Qualitative and quantitative surveys

While most INED surveys are quantitative, qualitative methods are now used regularly at different stages in research projects, usually to complement and dovetail with the quantitative approach. There are a rich variety of qualitative methods, but they are often extremely time-consuming in terms of both data collection and analysis.

Upstream of the quantitative survey

Qualitative pre-surveys

Quantitative survey preparation often involves a semi-structured interview stage aimed at facilitating and enhancing questionnaire design. These interviews provide a means to explore the research topic in a broader way that takes into account respondents’ representations, attitudes and practices.

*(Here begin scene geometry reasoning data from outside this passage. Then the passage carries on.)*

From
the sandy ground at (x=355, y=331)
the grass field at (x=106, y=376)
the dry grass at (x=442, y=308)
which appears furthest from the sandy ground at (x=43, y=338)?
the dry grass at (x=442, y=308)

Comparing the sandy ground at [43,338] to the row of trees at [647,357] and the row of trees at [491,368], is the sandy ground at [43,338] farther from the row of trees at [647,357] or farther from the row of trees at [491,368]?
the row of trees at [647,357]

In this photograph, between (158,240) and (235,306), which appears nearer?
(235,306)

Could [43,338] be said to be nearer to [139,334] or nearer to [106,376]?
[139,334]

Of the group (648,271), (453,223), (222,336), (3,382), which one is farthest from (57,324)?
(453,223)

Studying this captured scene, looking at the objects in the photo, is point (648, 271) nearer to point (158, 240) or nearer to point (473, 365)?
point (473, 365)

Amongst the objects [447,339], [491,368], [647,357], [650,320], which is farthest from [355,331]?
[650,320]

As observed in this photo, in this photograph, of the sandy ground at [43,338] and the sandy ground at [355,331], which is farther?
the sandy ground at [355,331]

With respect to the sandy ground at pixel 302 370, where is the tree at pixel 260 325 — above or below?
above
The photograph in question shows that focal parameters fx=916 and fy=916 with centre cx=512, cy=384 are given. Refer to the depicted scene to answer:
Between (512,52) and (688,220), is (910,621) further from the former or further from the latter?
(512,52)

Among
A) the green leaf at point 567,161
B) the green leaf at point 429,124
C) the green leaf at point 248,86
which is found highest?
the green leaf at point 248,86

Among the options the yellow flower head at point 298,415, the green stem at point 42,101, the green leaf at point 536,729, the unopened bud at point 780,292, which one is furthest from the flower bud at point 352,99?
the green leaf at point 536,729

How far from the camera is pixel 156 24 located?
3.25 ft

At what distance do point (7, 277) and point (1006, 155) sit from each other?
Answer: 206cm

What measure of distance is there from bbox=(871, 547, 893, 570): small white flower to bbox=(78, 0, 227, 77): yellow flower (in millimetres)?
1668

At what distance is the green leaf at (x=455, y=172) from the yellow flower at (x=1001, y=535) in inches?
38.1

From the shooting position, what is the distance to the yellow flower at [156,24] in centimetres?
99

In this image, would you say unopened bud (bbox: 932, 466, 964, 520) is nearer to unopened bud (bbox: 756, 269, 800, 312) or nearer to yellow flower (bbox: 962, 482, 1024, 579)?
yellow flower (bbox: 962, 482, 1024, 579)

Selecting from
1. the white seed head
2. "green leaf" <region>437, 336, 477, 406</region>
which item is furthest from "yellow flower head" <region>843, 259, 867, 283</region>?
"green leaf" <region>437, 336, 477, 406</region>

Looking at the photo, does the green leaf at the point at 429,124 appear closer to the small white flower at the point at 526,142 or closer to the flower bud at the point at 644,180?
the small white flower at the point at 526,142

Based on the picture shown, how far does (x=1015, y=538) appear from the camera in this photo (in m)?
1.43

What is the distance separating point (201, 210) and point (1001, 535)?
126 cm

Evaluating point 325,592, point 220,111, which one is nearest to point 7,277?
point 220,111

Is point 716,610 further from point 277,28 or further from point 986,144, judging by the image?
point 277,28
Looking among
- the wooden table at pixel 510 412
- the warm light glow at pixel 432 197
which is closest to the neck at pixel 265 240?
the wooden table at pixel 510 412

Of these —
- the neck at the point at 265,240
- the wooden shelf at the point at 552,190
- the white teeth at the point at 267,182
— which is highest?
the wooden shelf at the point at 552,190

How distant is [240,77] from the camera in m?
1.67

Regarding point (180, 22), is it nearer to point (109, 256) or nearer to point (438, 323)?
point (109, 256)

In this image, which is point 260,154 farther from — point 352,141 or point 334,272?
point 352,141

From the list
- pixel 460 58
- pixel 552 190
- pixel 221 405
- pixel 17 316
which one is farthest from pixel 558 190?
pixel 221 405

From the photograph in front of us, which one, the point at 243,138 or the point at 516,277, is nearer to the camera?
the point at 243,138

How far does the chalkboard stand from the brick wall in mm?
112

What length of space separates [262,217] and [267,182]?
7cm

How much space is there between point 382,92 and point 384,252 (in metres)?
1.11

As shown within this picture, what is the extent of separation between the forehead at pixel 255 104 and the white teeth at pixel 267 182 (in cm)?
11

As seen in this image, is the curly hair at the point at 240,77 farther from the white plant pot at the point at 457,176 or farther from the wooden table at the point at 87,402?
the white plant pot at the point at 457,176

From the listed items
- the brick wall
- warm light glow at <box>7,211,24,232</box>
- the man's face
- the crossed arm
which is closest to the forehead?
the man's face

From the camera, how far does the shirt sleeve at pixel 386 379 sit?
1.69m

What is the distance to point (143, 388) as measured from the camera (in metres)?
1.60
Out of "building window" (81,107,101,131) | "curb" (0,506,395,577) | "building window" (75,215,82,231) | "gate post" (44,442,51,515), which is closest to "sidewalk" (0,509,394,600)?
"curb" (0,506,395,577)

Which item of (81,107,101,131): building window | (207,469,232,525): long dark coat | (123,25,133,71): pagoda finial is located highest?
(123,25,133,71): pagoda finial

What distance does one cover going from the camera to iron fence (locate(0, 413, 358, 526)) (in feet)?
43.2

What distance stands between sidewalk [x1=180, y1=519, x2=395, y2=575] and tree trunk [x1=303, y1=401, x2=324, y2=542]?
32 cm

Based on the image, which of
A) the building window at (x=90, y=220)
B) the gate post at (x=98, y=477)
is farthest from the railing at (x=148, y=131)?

The interviews are recorded and may later be transcribed for statistical text analysis or thematic content analysis. Untranscribed material may be listened to or summarized for the purpose of identifying the main interview components as they relate to the planned questionnaire outline. This stage also brings to light dimensions that may not have been initially planned for. The interviewee sample is small (15 to 25 respondents) and selected to represent the broadest possible range of respondent profiles.

Observation in the field

A period of field observation during which researchers get a detailed picture of the context in which the interviewing will take place is very useful for designing the data collection tools (especially the questionnaire itself), anticipating difficulties, and adapting data collection protocol and methods (sampling, respondent contact) to the different situations that will be encountered.

 Testing a questionnaire

 Cognitive interviews

Preliminary cognitive interviews can help to pinpoint any problems respondents may encounter in the interview situation. These interviews, conducted with a small, diverse respondent sample, help eliminate points of misunderstanding and any gaps between the survey designers’ intentions and the way(s) respondents understand questions.

As the cognitive process involved in answering a survey question unfolds, problems in the following areas may be identified:

  •  respondent’s understanding or interpretation of a question;
  • effective extraction of the requested information;
  • respondent’s assessment of how to answer (self-censorship, motivation, social desirability effect, etc.);
  • matching respondents’ answers to questionnaire response categories and scales.

 

The main techniques used in cognitive interviewing are “think-aloud” and “verbal probing.”

  • In “think-aloud,” the respondent is instructed to do just that; i.e., to describe explicitly the mental process he/she is engaged in, from question comprehension all the way to how he/she arrives at the response given.
  • In “verbal probing” the interviewer asks a short battery of complementary questions designed to gain insight into how the question is understood and how the respondent reaches and justifies his/her response.

 

Semi-structured interviews

Conducting semi-structured interviews with individuals who have already answered or will be answering a quantitative questionnaire makes it possible to compare data from the two types of questioning, which in turn may reveal flaws or oversights in the quantitative questionnaire.

Downstream of a quantitative survey

Qualitative post-surveys

Semi-structured interviews conducted after a quantitative survey provide insight into dimensions that cannot easily be covered in a closed-ended questionnaire and/or they enable researchers to obtain further details on a particular dimension of the survey topic or a particular quantitative survey finding. Usually (though not always), post-survey interview respondents are recruited from among persons who agreed to be contacted again for a further interview after answering the quantitative survey questionnaire. The sample is constructed to ensure maximum consistency with respect to the research question and respondents’ sociodemographic characteristics, and takes place in parallel with the analysis, until sample “saturation.”

Post-survey interviews are recorded and then usually transcribed for textual analysis, subject content analysis, etc.

Respondents are generally recruited using the snowball method (initial respondents indicate other possible contacts) and/or by selecting individuals from an existing database (e.g., for quantitative post-surveys) or by outsourcing the task to a specialized company. The last option is more costly than the others and precludes adjusting the sampling process to take account of changes in respondent profiles over the course of data collection and analysis.